Die Verbreiterung der Front war auch nach der Eroberung von Urozhaine ein Thema. Dort haben die ukrainische Streitkräfte sich vorgearbeitet, so dass die Russen eine Linie von Prjutne im Westen über Sawitne Baschannja am Fluss Mokri Jally bis nach Kermenchyk im Osten erstreckt. Kiew konzentriert hier Truppen, die Russen halten sie sich mit ihrer Luftwaffe bisher noch vom Hals.

Südwestlich dieses Schauplatzes am Dnjepr ergab sich zuletzt der Eindruck, einer der zwei ukrainischen Brückenköpfe am linken, östlichen Dnjepr-Ufer sei aufgelöst, doch dieser Eindruck täuscht.

Das legen Bilder nahe, die zeigen sollen, wie ein thermobarischer Raketenwerfer vom Typ TOS-1A bei Kosatschi Laheri ukrainische Truppen unter Feuer nimmt. Moskau behauptet sogar, die Gegenseite wolle seine Soldaten dort weiter verstärken.

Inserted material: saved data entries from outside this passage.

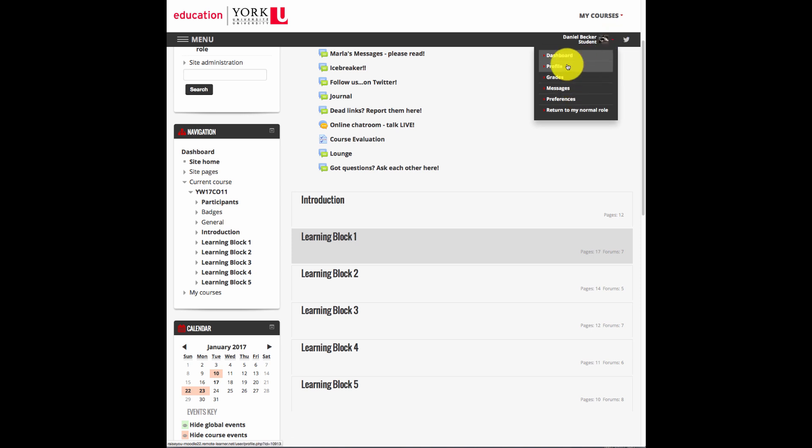For quick access to your other courses, above your name in the top right hand corner is the My Courses drop down menu.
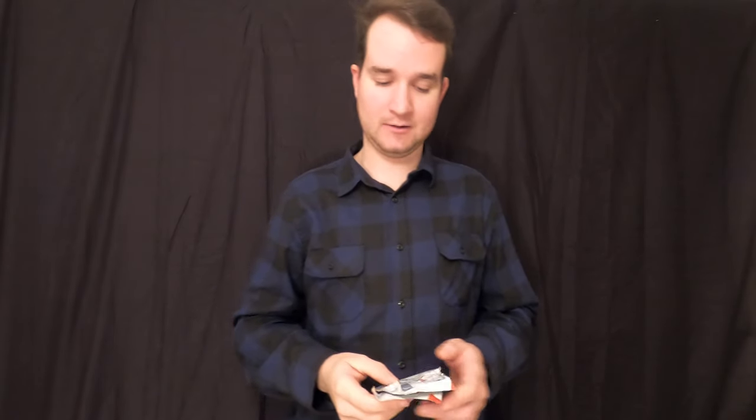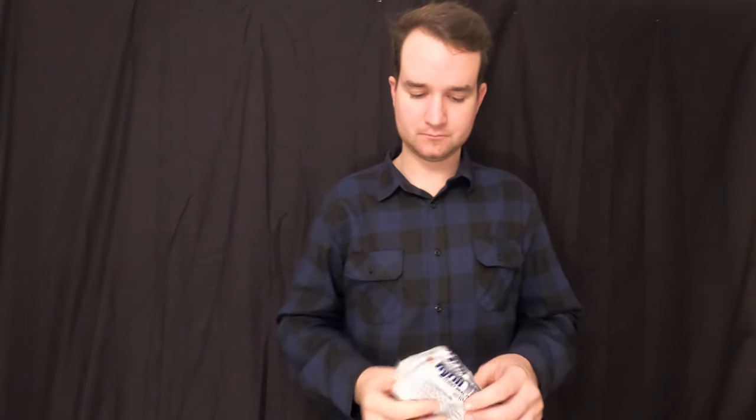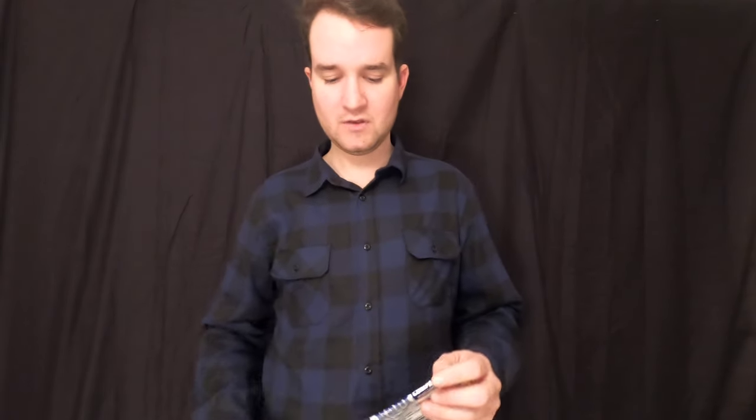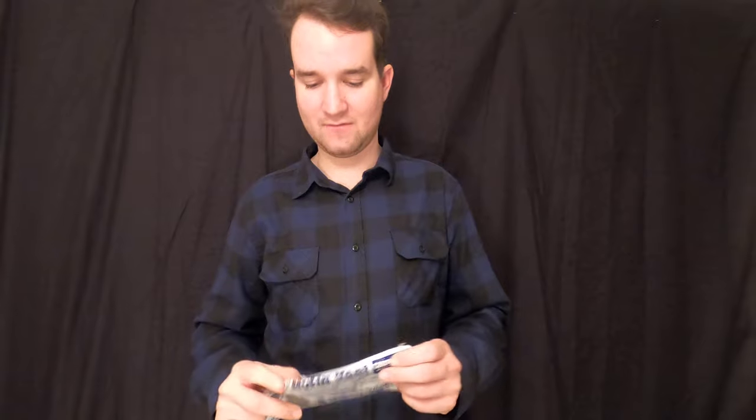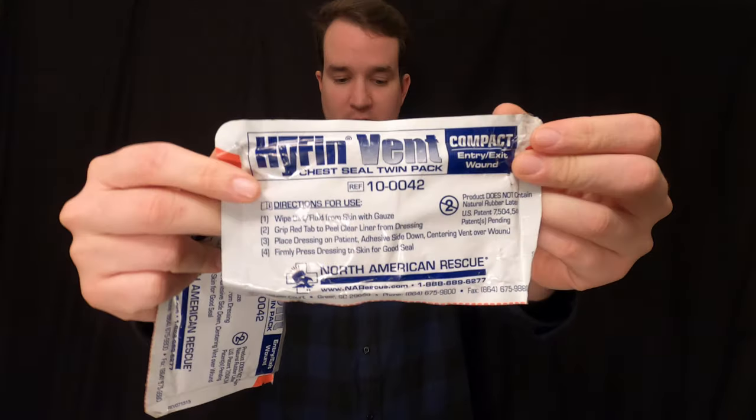But the vents are a nice added bonus to just a regular chest seal instead of having to seal it up some way and set it up so that you still have maybe an opening on one of the four sides so that air is getting out. So we have here our Hyphen Vents from North American Rescue.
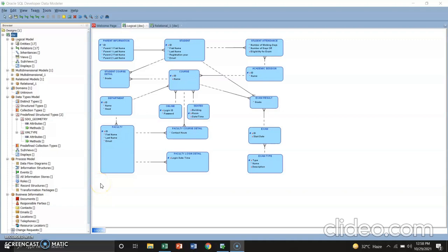Hello guys, we are BSCPE 4A students and for the completion of requirement for the subject advanced database system, for this part, we are going to show mapping the primary key and the foreign key.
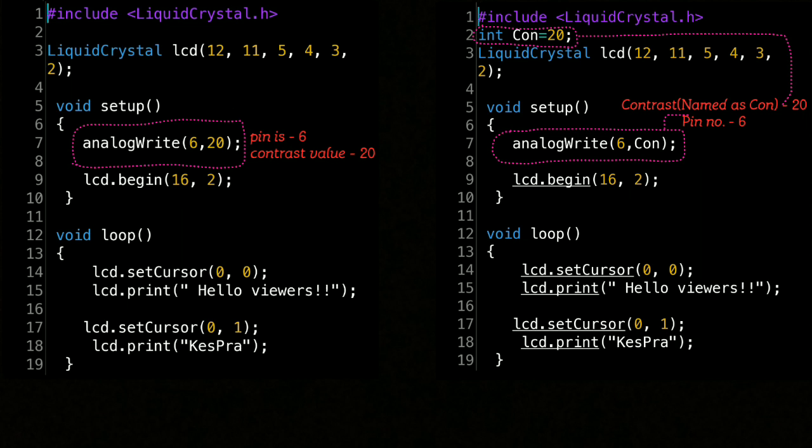We are giving analog output from pin number 6 and the value 20 works fine for me. Either you can experiment by yourself. The only difference between these two programs is that in the right program I have separately given a name to the contrast, that is 'con'. So just add these statements in any program if you want to make LCD run without potentiometer.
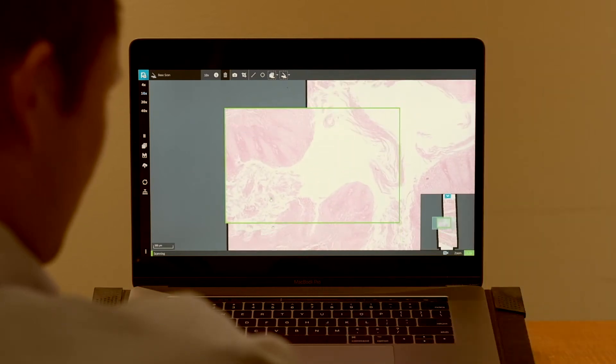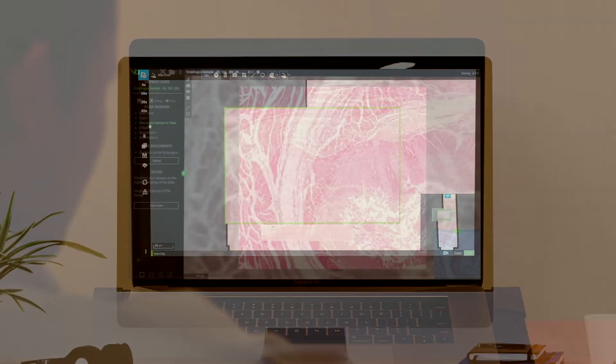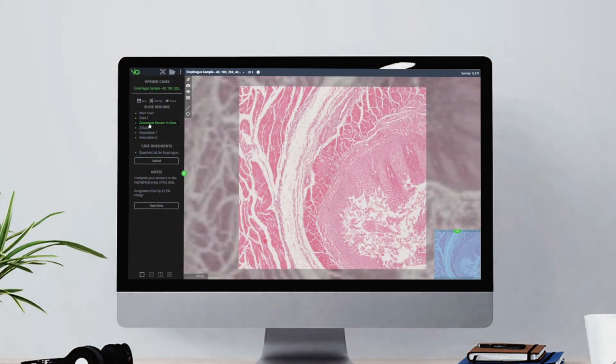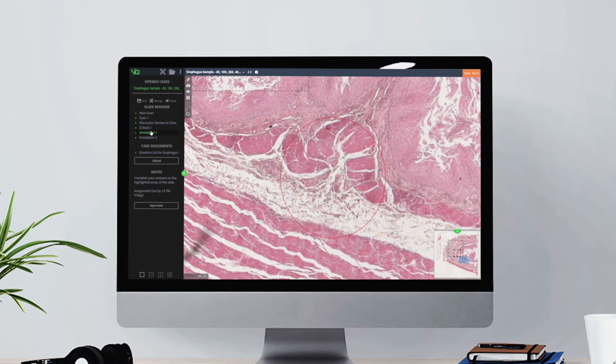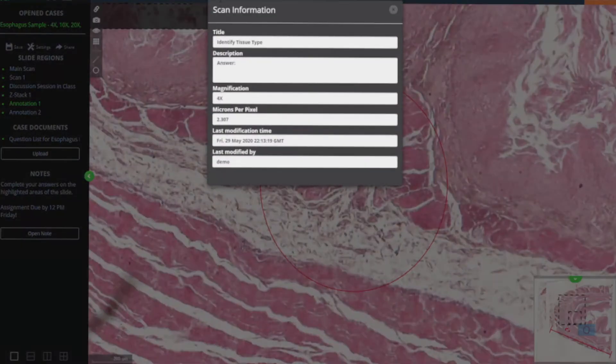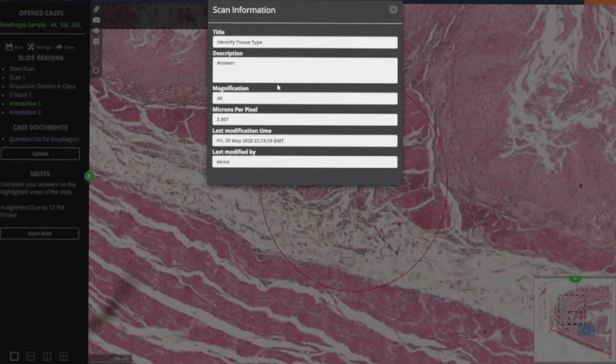Educators can take advantage of the cloud-based portal Panoptic.net to share scanned images with any number of students, either remotely or in person. Panoptic.net also simplifies presentations at conferences and tumour boards.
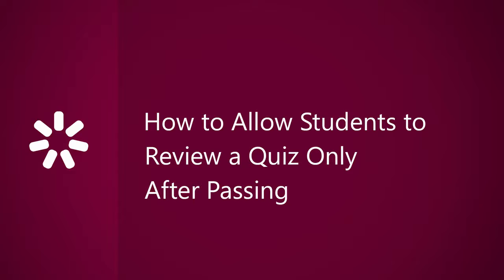You may not want to allow failing students to see a quiz review, especially with correct answers indicated, because you'd prefer that they discover the correct answers on their own.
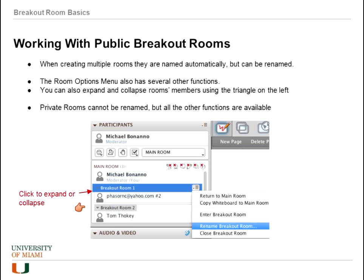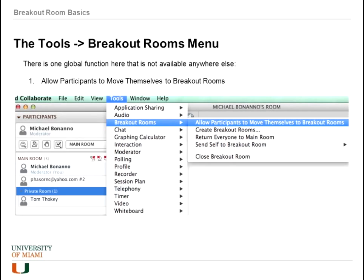If a private room was created, it cannot be renamed, but it still has a room options button with all the other options available. The tools menu has one other function: 'allow participants to move themselves into breakout rooms.' If you want people to move around from room to room on their own, you can enable that by checking that option.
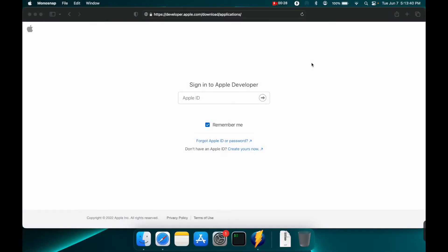Today I'm going to show you how to download and install Xcode 14 beta which was just released yesterday, June 6th, during Apple's WWDC 2022 event.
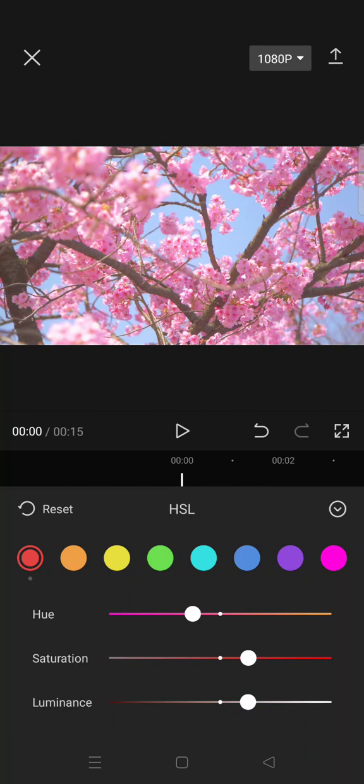Next, click on the orange color and then set the saturation and luminance into 20.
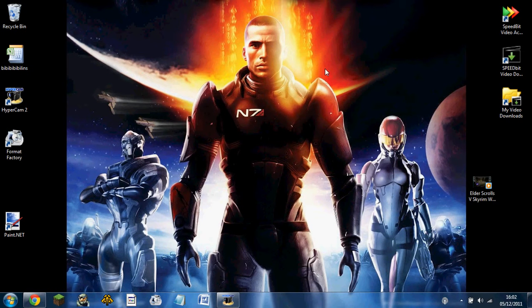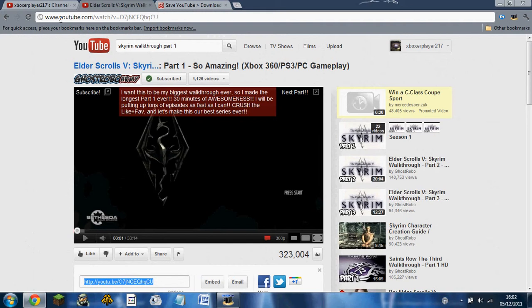Hello everybody, this is XboxAPlayer217, and today I'm going to show you how to download YouTube videos for free. This is very useful for people who've got terrible internet connection like me. It's very easy.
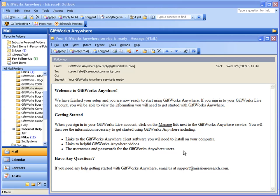I hope this video has helped you better understand the process for signing up for and getting started using GiftWorks Anywhere. Thank you for watching.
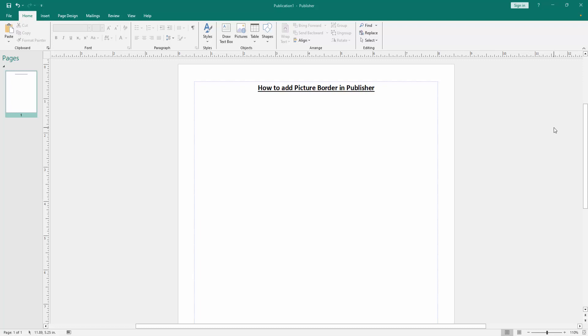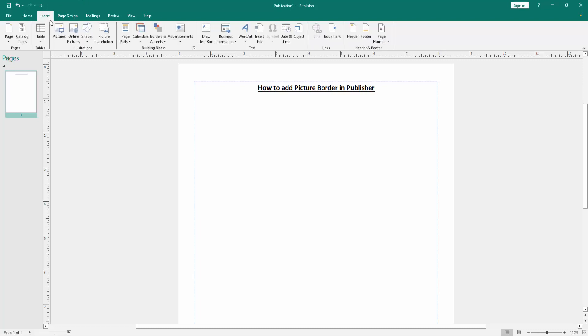First, we have to open a Publisher document. Now we want to add picture border. First, insert a picture. Go to the insert menu, then click the pictures option.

Die russische Armee steht nicht nur in der Südukraine unter Druck, sondern auch südlich von Bachmut. Sie kämpft sich in Klischtschijwka langsam, aber stetig durchs Dorf. Andriivka, das nur 2,3 Kilometer südlich liegt, soll inzwischen von drei Seiten umschlossen sein, nachdem Kiews Truppe die Bahnlinie erreicht hat, die östlich der Siedlung vorbeizieht.

Die aktueelle Lage im Süden von Bachmut laut Military Lab.
Die aktueelle Lage im Süden von Bachmut laut Military Lab.
YouTube/Military Lab

Bilder und Videos in den sozialen Netzwerken zeigen, dass auch hier heftig gekämpft wird. Major Makysm Zhorin, der stellvertretenden Kommandeur der 3rd Assault Brigade, die aus Veteranen des Asow-Regiments besteht, ist angeblich mit der Versorgung der Truppe zufrieden. Der Gegner verfüge nur über schlichte Mittel, was Waffen und Schutzausrüstung angehe.

Die Kämpfer nutzen bei ihren Angriffen ihre Vorteile in der Nacht aus, weil sie mehr und bessere Nachtsichtgeräte haben. Die Gegenseite antworte bei Nacht mit Artilleriefeuer, während am Tag Kamikaze-Drohnen die grösste Gefahr für die Ukrainer sind.